# Description of the task
Transcribe exactly the lines that fall between the one holding "Die Ware, die" and the one holding "[102298] Croix Bois", inclusive, from the entries below.

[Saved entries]
+++++

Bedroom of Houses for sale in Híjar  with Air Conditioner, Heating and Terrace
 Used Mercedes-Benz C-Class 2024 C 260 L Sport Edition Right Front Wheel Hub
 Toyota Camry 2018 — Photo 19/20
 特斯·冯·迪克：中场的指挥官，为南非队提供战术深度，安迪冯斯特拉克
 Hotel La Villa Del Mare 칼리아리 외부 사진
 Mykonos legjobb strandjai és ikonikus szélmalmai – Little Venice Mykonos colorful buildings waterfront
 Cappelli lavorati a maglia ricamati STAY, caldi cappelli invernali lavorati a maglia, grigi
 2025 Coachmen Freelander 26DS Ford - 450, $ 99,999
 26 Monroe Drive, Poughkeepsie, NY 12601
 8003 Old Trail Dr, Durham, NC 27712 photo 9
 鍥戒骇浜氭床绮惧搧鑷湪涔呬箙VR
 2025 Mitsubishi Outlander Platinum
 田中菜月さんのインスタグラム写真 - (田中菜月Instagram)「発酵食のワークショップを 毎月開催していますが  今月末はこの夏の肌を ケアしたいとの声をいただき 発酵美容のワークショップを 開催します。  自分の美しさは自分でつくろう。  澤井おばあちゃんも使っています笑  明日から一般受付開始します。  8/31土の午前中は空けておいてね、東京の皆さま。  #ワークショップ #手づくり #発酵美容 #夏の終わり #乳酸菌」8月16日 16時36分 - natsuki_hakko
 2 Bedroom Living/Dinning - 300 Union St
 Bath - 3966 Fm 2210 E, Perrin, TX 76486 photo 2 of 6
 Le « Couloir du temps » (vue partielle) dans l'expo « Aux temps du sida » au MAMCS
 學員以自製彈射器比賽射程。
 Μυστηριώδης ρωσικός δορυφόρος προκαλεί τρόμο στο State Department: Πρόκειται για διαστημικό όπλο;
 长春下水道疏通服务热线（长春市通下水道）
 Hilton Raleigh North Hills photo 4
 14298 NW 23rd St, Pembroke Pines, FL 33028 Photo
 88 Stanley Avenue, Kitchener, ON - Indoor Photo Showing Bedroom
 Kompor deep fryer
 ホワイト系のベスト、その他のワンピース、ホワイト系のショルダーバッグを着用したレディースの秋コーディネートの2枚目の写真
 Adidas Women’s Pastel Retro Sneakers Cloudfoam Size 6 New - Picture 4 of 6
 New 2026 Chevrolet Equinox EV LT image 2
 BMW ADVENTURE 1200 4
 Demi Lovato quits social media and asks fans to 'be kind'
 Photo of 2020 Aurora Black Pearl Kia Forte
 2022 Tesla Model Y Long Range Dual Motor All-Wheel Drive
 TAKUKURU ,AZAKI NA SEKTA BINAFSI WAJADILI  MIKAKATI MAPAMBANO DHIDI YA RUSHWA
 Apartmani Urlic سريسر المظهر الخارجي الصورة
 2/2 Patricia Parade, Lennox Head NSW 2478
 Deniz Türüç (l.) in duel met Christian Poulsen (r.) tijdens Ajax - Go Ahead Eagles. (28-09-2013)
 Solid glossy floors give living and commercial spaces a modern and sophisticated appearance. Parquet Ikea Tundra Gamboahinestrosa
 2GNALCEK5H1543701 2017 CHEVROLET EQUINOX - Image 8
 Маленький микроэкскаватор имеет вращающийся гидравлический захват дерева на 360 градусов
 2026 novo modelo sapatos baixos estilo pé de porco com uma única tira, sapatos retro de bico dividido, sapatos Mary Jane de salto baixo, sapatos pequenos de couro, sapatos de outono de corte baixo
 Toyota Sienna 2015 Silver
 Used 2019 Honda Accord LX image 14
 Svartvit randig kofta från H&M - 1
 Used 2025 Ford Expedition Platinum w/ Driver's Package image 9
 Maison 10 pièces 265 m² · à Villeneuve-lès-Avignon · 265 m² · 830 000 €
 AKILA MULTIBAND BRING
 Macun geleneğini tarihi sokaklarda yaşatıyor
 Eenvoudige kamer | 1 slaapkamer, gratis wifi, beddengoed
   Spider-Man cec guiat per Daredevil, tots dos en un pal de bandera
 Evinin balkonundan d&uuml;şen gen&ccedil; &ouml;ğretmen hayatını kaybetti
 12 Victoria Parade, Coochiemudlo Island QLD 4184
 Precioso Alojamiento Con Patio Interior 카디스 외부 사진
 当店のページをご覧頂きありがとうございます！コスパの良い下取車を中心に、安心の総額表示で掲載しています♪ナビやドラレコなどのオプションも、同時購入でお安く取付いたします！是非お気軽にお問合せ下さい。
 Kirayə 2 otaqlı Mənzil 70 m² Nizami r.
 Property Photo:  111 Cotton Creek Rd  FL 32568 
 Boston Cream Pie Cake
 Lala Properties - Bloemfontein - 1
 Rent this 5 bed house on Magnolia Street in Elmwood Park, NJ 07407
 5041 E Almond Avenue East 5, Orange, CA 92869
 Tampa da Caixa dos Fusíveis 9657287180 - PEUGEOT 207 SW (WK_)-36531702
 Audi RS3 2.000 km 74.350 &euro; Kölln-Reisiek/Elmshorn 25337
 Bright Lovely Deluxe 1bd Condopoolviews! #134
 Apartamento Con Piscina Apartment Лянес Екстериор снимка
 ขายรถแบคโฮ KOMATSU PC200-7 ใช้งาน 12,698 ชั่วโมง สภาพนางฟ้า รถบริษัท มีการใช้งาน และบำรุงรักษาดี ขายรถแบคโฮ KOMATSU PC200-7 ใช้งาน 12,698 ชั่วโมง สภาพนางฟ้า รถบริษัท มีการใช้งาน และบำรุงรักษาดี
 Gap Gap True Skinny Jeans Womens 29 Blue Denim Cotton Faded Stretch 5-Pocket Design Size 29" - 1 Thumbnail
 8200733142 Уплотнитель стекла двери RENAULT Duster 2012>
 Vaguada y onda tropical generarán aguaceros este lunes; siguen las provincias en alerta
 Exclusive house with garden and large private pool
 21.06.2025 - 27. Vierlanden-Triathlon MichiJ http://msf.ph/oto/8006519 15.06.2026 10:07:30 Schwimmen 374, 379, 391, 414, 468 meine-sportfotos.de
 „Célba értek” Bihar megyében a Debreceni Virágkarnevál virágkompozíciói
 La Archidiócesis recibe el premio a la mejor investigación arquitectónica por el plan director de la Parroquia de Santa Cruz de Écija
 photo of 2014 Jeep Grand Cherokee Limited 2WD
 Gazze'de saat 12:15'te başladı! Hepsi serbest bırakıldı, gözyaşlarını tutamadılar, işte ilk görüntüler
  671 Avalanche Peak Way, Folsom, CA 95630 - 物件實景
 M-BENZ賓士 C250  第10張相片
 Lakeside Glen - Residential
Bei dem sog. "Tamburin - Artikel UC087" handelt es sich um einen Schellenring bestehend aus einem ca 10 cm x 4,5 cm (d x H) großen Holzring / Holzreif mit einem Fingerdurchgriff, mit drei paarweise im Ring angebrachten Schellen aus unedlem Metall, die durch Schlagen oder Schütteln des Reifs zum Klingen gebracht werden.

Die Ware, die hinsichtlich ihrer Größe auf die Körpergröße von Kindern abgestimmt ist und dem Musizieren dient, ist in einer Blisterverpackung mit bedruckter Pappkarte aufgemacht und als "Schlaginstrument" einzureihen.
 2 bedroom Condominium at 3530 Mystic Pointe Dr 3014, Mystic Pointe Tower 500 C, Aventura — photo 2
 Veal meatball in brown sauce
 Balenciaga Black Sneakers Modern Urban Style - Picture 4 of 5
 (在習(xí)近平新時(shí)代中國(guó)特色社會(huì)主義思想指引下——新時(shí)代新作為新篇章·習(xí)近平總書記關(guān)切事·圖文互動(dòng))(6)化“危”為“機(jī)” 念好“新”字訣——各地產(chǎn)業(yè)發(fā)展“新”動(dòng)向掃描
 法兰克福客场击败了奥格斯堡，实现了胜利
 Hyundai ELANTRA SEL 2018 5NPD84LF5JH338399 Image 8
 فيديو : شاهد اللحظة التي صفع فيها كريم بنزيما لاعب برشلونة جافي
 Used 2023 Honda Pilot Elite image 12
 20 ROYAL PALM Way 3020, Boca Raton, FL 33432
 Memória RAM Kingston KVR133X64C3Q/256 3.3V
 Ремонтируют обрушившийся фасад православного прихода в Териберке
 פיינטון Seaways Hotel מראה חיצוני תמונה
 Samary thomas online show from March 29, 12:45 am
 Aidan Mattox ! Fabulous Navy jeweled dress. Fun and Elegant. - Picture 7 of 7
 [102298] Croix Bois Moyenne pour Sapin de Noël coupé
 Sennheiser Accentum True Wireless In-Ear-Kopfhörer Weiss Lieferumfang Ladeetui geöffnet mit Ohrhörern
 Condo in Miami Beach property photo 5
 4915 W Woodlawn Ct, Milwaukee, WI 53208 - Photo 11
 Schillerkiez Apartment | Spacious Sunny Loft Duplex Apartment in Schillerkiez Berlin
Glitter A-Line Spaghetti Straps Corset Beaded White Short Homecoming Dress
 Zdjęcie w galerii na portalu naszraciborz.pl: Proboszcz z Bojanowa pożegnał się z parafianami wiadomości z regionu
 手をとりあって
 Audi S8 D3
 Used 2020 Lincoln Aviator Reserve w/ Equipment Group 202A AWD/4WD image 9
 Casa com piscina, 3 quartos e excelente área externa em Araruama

+++++

# Solved exercise
Die Ware, die hinsichtlich ihrer Größe auf die Körpergröße von Kindern abgestimmt ist und dem Musizieren dient, ist in einer Blisterverpackung mit bedruckter Pappkarte aufgemacht und als "Schlaginstrument" einzureihen.
 2 bedroom Condominium at 3530 Mystic Pointe Dr 3014, Mystic Pointe Tower 500 C, Aventura — photo 2
 Veal meatball in brown sauce
 Balenciaga Black Sneakers Modern Urban Style - Picture 4 of 5
 (在習(xí)近平新時(shí)代中國(guó)特色社會(huì)主義思想指引下——新時(shí)代新作為新篇章·習(xí)近平總書記關(guān)切事·圖文互動(dòng))(6)化“危”為“機(jī)” 念好“新”字訣——各地產(chǎn)業(yè)發(fā)展“新”動(dòng)向掃描
 法兰克福客场击败了奥格斯堡，实现了胜利
 Hyundai ELANTRA SEL 2018 5NPD84LF5JH338399 Image 8
 فيديو : شاهد اللحظة التي صفع فيها كريم بنزيما لاعب برشلونة جافي
 Used 2023 Honda Pilot Elite image 12
 20 ROYAL PALM Way 3020, Boca Raton, FL 33432
 Memória RAM Kingston KVR133X64C3Q/256 3.3V
 Ремонтируют обрушившийся фасад православного прихода в Териберке
 פיינטון Seaways Hotel מראה חיצוני תמונה
 Samary thomas online show from March 29, 12:45 am
 Aidan Mattox ! Fabulous Navy jeweled dress. Fun and Elegant. - Picture 7 of 7
 [102298] Croix Bois Moyenne pour Sapin de Noël coupé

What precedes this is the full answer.